▶ **Try it**
Pictures are to be left out, and only the lines from the one containing "Spicewood, TX 78669,20516 Queen Bee LN" through the last line of the data are to be returned exactly.

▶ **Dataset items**
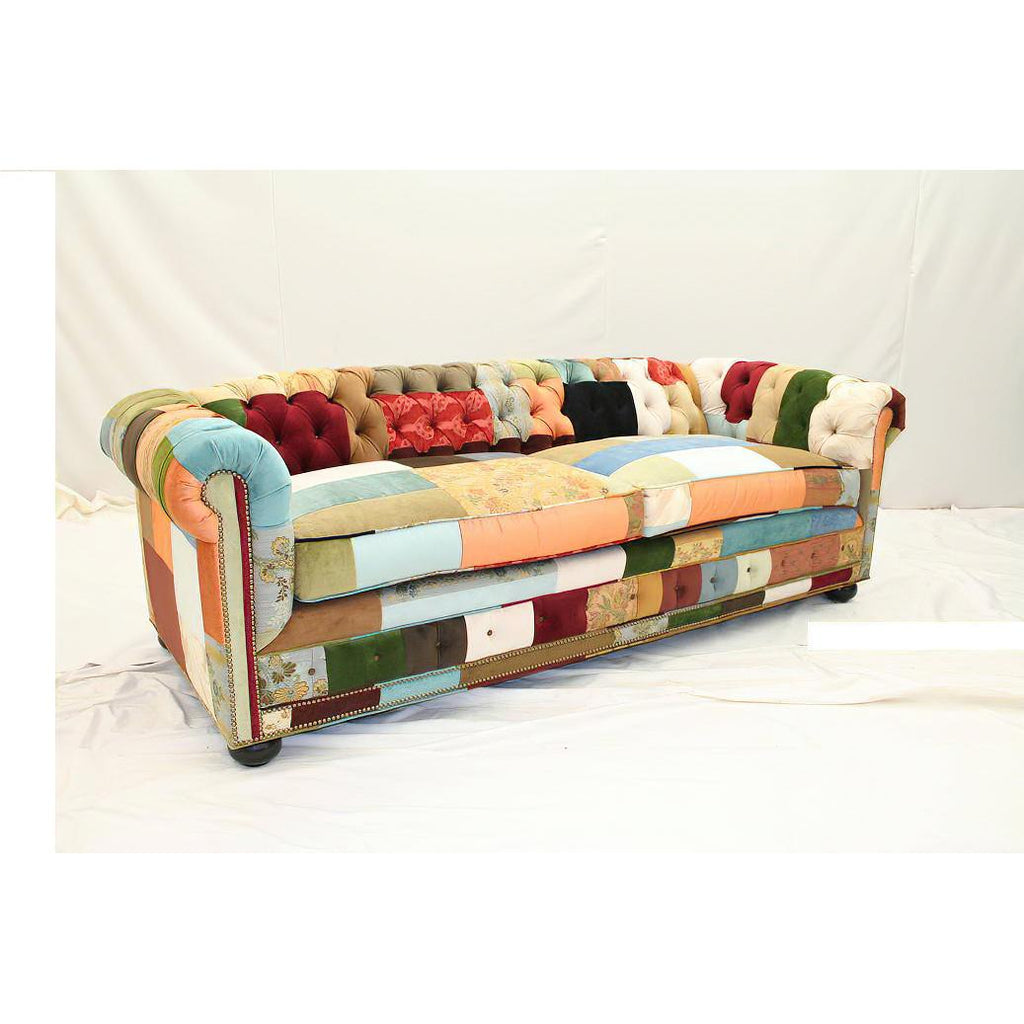 https://a.1stdibscdn.com/custom-classic-chesterfield-sofa-for-sale-picture-8/f_8038/f_187364321587060707654/12095035_1079396422103246_4919575317234838277_o_copy_2_sharpen_sharpen_master.jpg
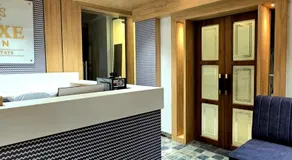 Luxe Inn - Image 4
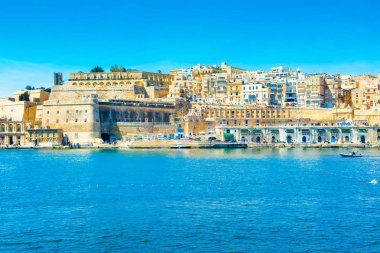Eski Valletta manzarası eski binalar ve Grand Harbour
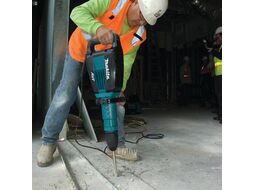 Отбойный молоток MAKITA HM 1214 C (1510 Вт, 19.9 Дж, 1900 уд/мин, патрон SDS-MAX, вес 12.3 кг)
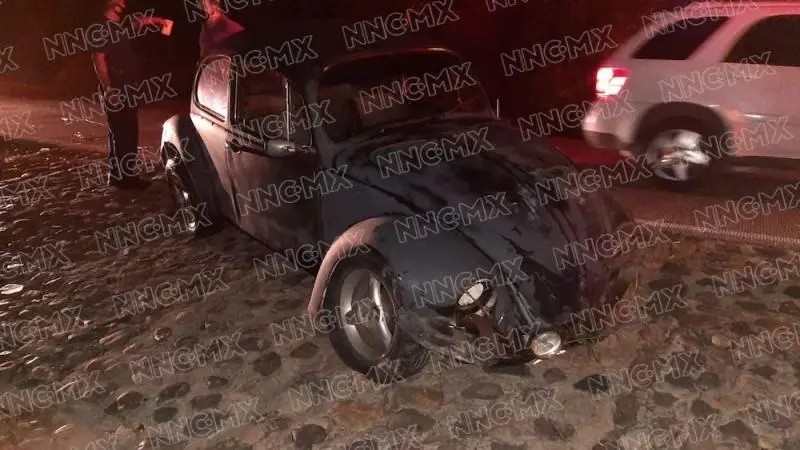 Puerto Vallarta. Vochito provoca aparatoso choque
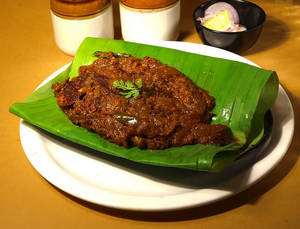 Karimeen Pollichathu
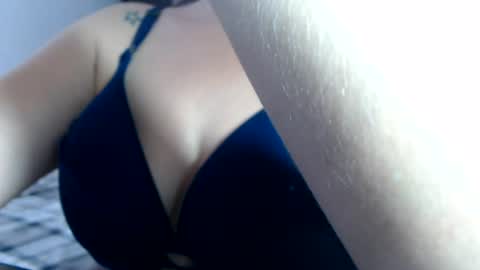 Sofa Castellanos online show from 07-13-26, 04:21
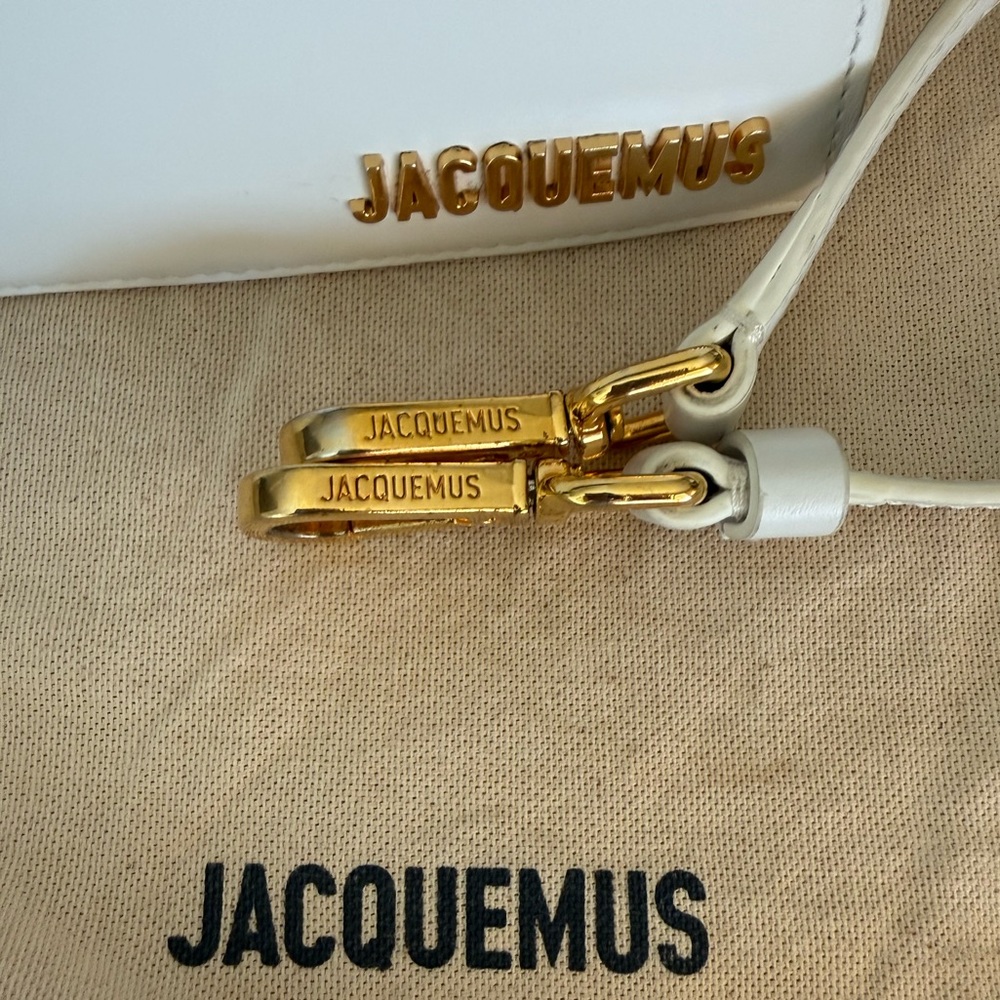Jacquemus White Mini Leather Shoulder Bag with Gold Hardware - Picture 2 of 8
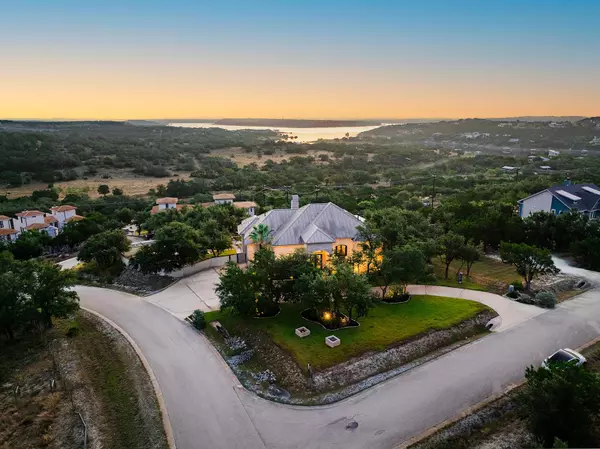Spicewood, TX 78669,20516 Queen Bee LN
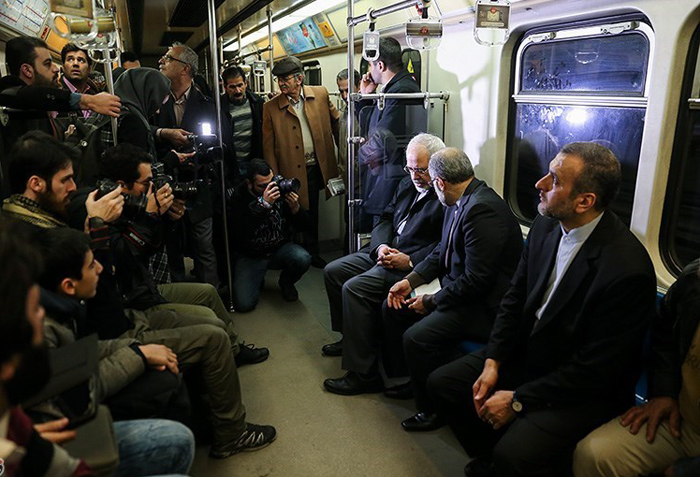 (تصاویر) ظریف با مترو سر کار رفت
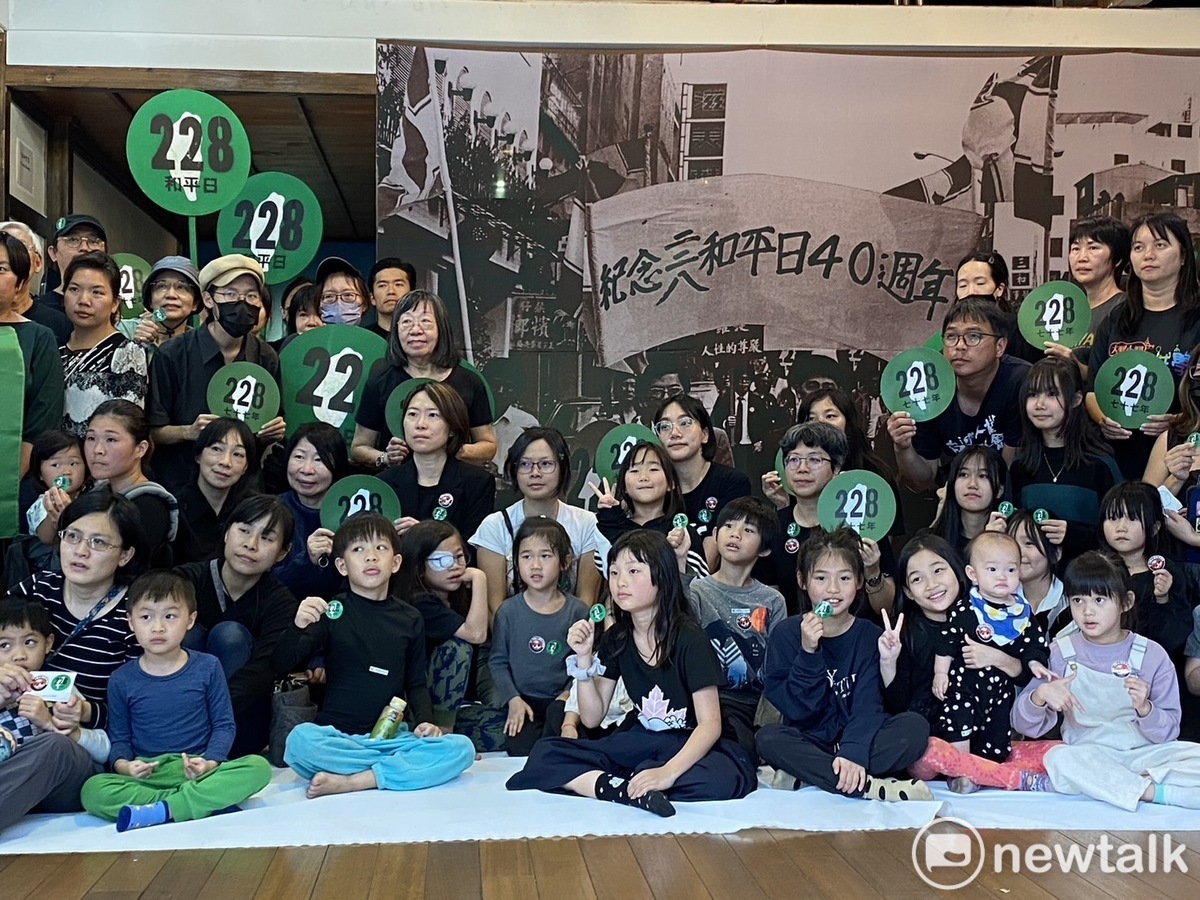 「228.0紀念行動」的公民團體，要求未來的賴清德總統與民進黨政府，必須持續堅持轉型正義，同時提出3訴求，要求行政院與立法院盡速提出轉型正義法案具體時程。 圖：林昀真/攝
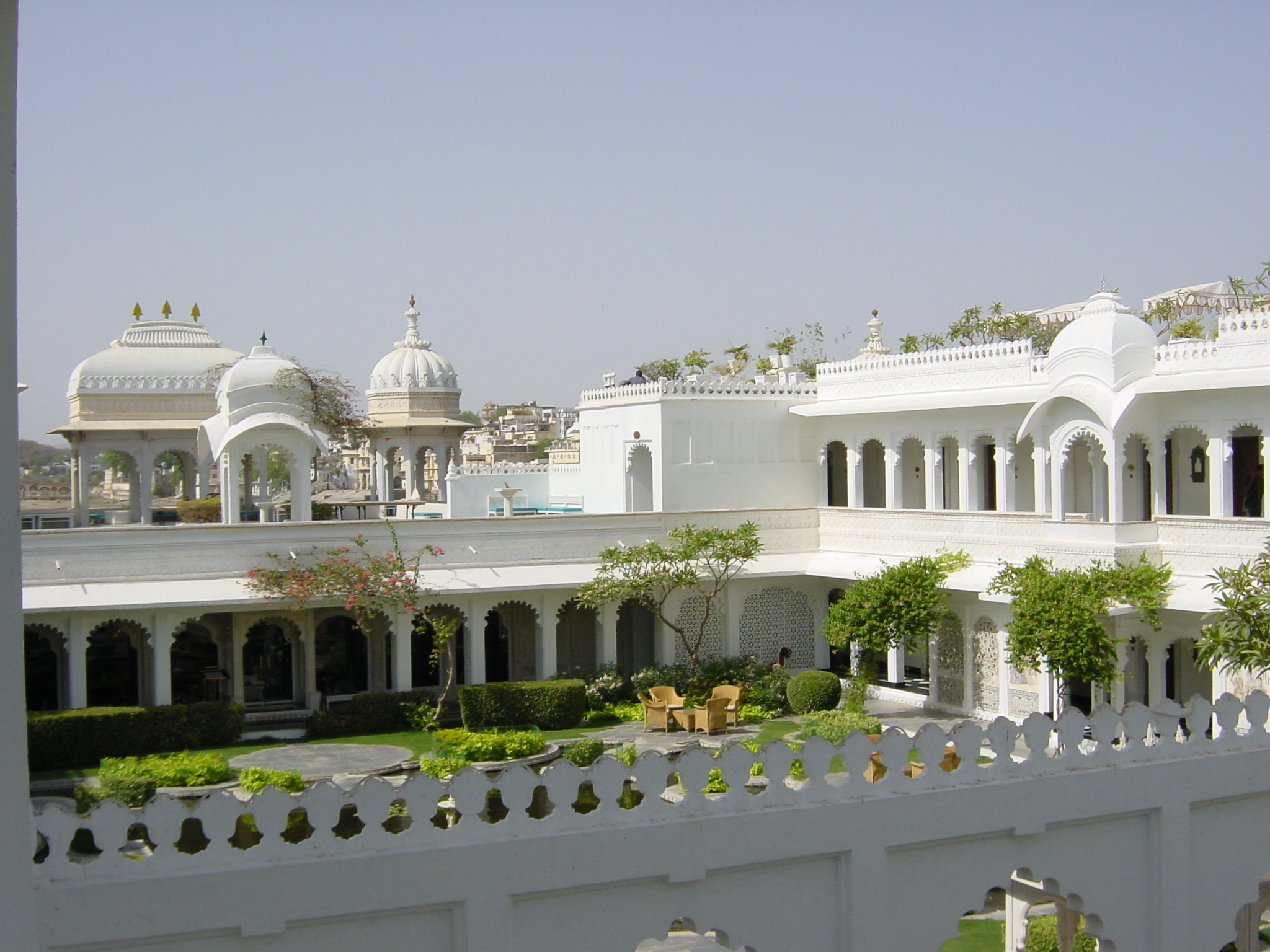 Picture India Udaipur Lake Palace Hotel 2003-05 27 - Recreation Lake Palace Hotel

▶ **Task solution**
Spicewood, TX 78669,20516 Queen Bee LN
 (تصاویر) ظریف با مترو سر کار رفت
 「228.0紀念行動」的公民團體，要求未來的賴清德總統與民進黨政府，必須持續堅持轉型正義，同時提出3訴求，要求行政院與立法院盡速提出轉型正義法案具體時程。 圖：林昀真/攝
 Picture India Udaipur Lake Palace Hotel 2003-05 27 - Recreation Lake Palace Hotel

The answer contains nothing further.